Rep. Ed Whitfield (R-KY) has proposed a novel way to strengthen the House Pay-As-You-Go (PAYGO) rule.
PAYGO – which requires that all legislation expanding entitlements or cutting taxes be fully offset – has been exposed an ineffective gimmick. PAYGO exempts discretionary spending increases (which comprise 40 percent of the budget) as well as the automatic 6 to 8 percent annual baseline increases in entitlement spending. PAYGO merely says that if Congress wants to grow total entitlement spending faster than the baseline rate, they must raise taxes accordingly. Or, if they want to reduce net taxes, they must cut entitlement spending accordingly.
Given PAYGO’s limited reach, one would assume Congress could easily comply with it, but it doesn’t. Congress has waived PAYGO every time it proved even slightly inconvenient – 12 times in the 110th Congress alone. They waived it to extend unemployment benefits. They waived it to create a $63 billion veterans’ entitlement. In the current 111th Congress, they waived it for the $787 billion “stimulus” bill. House Speaker Nancy Pelosi (D-CA) suggested that PAYGO be waived for any bill she feels will help the economy.
Waiving PAYGO is typically done before a bill comes to the floor by the Rules Committee, thus sparing lawmakers the spectacle of publicly voting to ignore their own fiscal responsibility rules.
Rep.
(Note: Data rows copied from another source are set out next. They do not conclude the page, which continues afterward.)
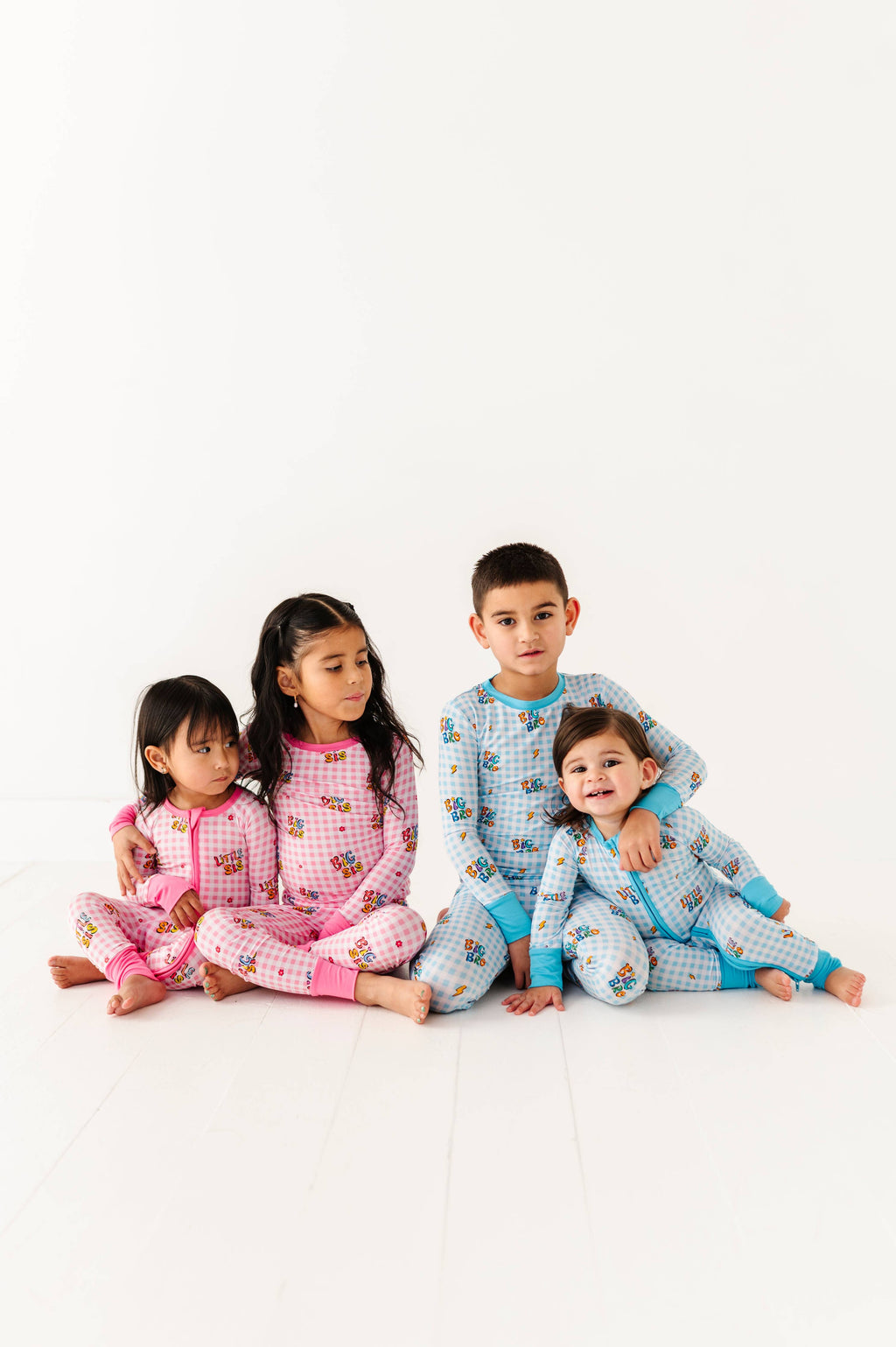 Four children wearing matching pajamas on a white background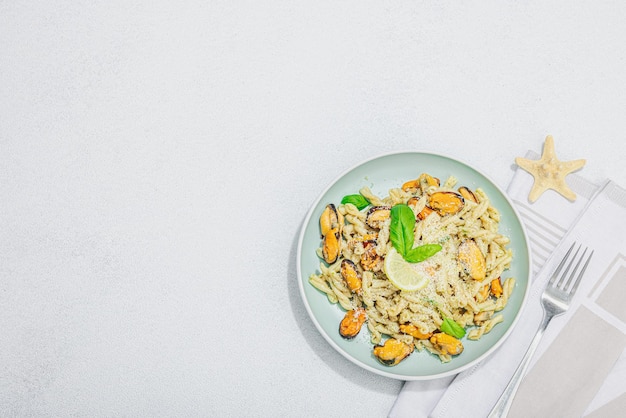 Pasta a base vegetale con pesto di cozze e parmigiano Cibo sano pronto da mangiare porzione servita su tavolo in pietra Vista dall'alto distesa piatta con ombra chiara e scura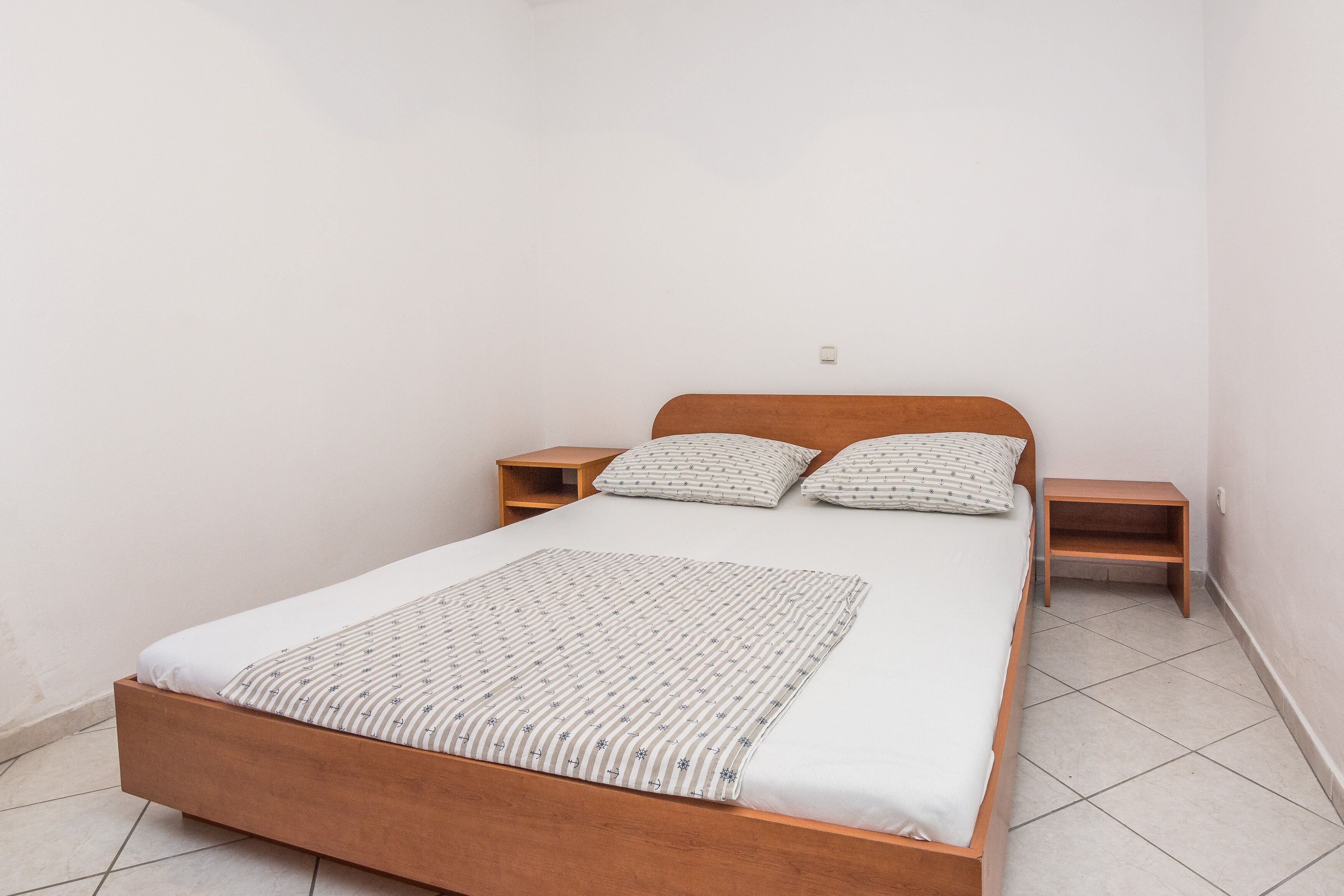Habitación individual con una cama de madera, dos mesitas de noche y una colcha estampada.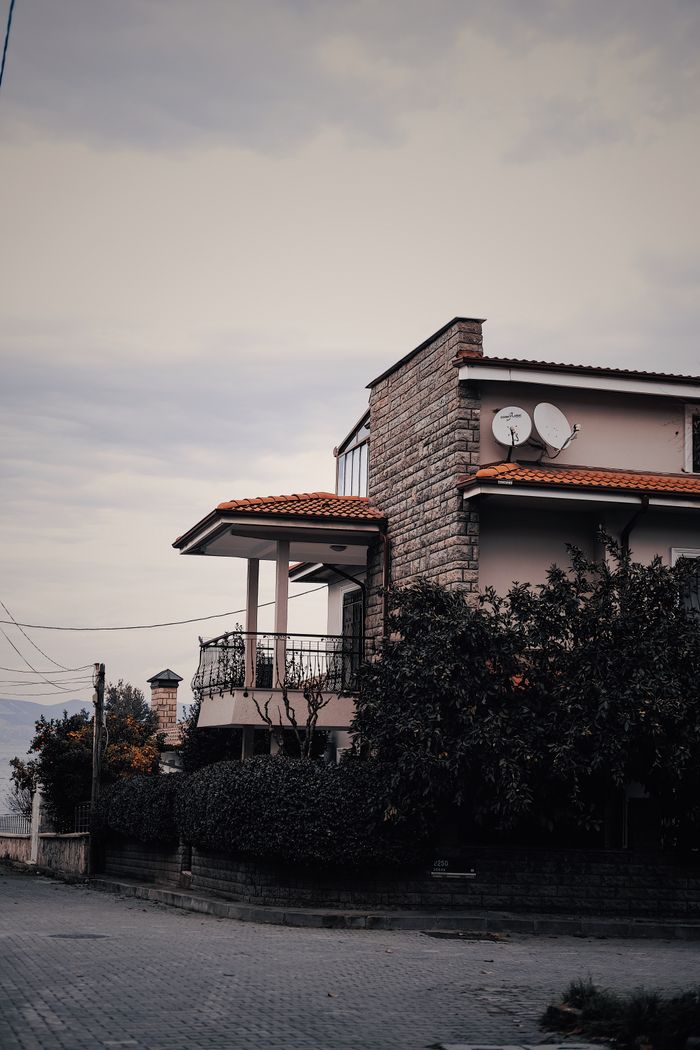 A charming house with a red roof surrounded by greenery in İzmit, Kocaeli, Turkey, under a cloudy sky.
Whitfield has authored a resolution (H. Res 671) requiring that any waiving of PAYGO require a separate up-or-down House vote. Rather than hide behind the Rules Committee, lawmakers would have to publicly go on the record. Transparency brings accountability, and voters could use these votes to judge whether their lawmakers treat PAYGO as a gimmick to be routinely ignored on spending bills, or a true constraint on Congress’ spending appetite. If the Democratic House leadership truly believes in PAYGO, they should bring H. Res 671 to the floor for a vote.